Leichtfüssig, humorvoll, listig
Noch sieben Jahre wird es dauern, bis das untergrabene Fundament absackt, doch da hat Samuel Finzi sich schon aus dem Staub gemacht. Ist nach Paris gezogen, dann nach Berlin, wo er seither das Theaterpublikum beeindruckt und in vielen Filmen mitwirkt. Scheinbar mühelos schlüpft er in seine Figuren. Etwa jene des Dieners Carlos, der nie um eine Lösung für Probleme aller Art verlegen ist, in den Verfilmungen von Martin Suters Allmen-Romanen.

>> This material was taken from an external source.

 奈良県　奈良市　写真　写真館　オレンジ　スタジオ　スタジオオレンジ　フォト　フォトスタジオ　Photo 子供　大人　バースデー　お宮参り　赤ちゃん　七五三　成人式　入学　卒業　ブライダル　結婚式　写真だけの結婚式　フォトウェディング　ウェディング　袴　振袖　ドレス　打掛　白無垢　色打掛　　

Leichtfüssig, humorvoll, listig: So begegnet der mittlerweile 57-Jährige den Lesern auch in «Samuels Buch», dem «autobiografischen Roman» seiner Kindheit und Jugend in Bulgarien, dem «Land der unbegrenzten Unmöglichkeiten». Doch wir lernen nicht nur ihn selber kennen. Erleben, wie seine erste grosse Leidenschaft entbrennt, die Liebe zum Kino. Und wie er schon bald ein Auge wirft auf die Mädchen, angefangen ausgerechnet bei Emilia, der Enkelin des Langzeit-Diktators Todor Schiwkow.
Da ist vor allem auch eine bunte jüdische Sippe, der er entstammt, die in alle Welt verstreut lebt, aber trotzdem Sommer für Sommer zusammenkommt. Und da sind die vielen Künstler, die er kennenlernt, wenn er den Grossvater zur Orchesterprobe begleitet, dem Vater bei seinen Bühnenauftritten zuschaut oder stolz Zeuge der Klavierabende seiner Mutter wird. Und obwohl die Eltern ihn gar nicht in ihre Richtung lenken wollen, geben sie ihm doch jene Regeln mit, die ihn auf seinem Weg begleiten. «Es zählt nur das, was du dir selbst erarbeitest», sagt der Vater. Und: «Es ist nicht gesund, sich am eigenen Erfolg zu berauschen.»
«Irgendwohin, wo es nicht so grau und hässlich ist»
In locker gefügten Szenen und mit leichter Hand erzählt Finzi von den Abenteuern der Pubertät und von den Absurditäten der bulgarischen Diktatur. Wie sie auf der nach ihm benannten Bergspitze das sinnlose Heldentum des Revolutionärs und Dichters Christo Botew feiern sollen und Schiwkow einfliegt, seltsam winkend und wie ein Dromedar laufend.
Wie ihn, im Dunkeln am Meeresstrand, in der Sommerbrigade Margarita an der Hand nimmt. Und wie sie, auf Exkursion in Griechenland, ein Pornokino entdecken. Und wie ihm schliesslich, auf einer Reise mit den Eltern nach Italien und Frankreich, überdeutlich klar wird: Er muss hier raus, sobald es geht. Irgendwo leben, «wo es nicht so grau, hässlich und monoton war». Bulgarien, ein Land, das seit Jahrhunderten geradezu stolz ist auf sein Sklaventum, ist kein Boden, auf dem Samuel Finzis Talent gedeihen kann.